Or, quoiqu’on ne puisse nier ni le charme, ni la grâce, ni même souvent la force et la portée des sonnets de Pétrarque et de Michel-Ange, de Milton ou de Wordsworth, forcés qu’ils sont cependant d’enfermer leur pensée dans l’étroit espace de deux quatrains et de deux tercets, il leur faut trouver une forme sonore et précise, retentissante et solide, qui donne aux moindres accidens de leurs idées un caractère saisissant, qui grave dans la mémoire, et profondément, ce qu’ils veulent raconter et signifier. Alors ils ne peuvent s’en tenir à la simple succession des images, comme dans le récit ; ils choisissent une figure une et multiple, simple, quoique variée, capable de suivre pas à pas et de reproduire fidèlement toutes les évolutions de la rêverie : ils choisissent un symbole.

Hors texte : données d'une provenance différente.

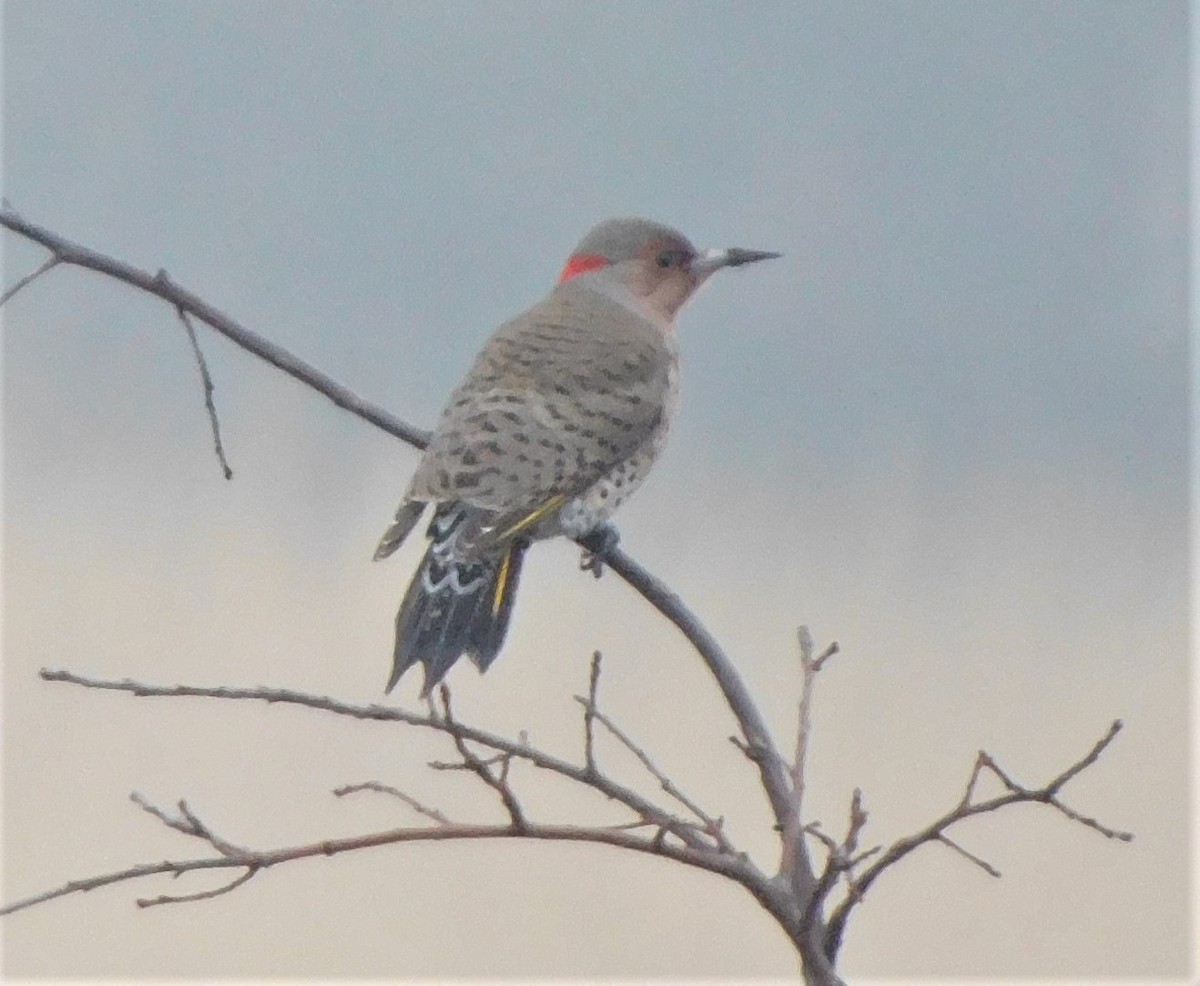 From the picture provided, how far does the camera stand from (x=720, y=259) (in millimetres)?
3924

Mais ce style qui convient au sonnet, dont le sonnet ne peut guère se passer, quand on l’applique à un récit ou à une action, à l’épopée ou à la tragédie, au roman ou au drame, ralentit singulièrement le mouvement général de l’ouvrage. Une fois entré dans cette voie, qui, bien que belle et glorieuse en soi, n’est pourtant pas la vraie, et ne doit pas vous conduire au but que vous cherchez, vous ne pouvez plus faire acception du caractère et de l’âge des personnages, de la paix ou du tumulte d’une scène, de la hâte impétueuse du dénoûment, ou du cours tranquille d’une exposition ; vous êtes condamné à l’éternelle et patiente ciselure de toutes les passions et de tous les sentimens. Que votre parole grave ou folle, tendre ou austère, passe par les lèvres de François Ier, ou de Triboulet, de la comtesse de Châteaubriand ou de la duchesse d’Angoulême, elle pourra être belle, mais non pas vivante.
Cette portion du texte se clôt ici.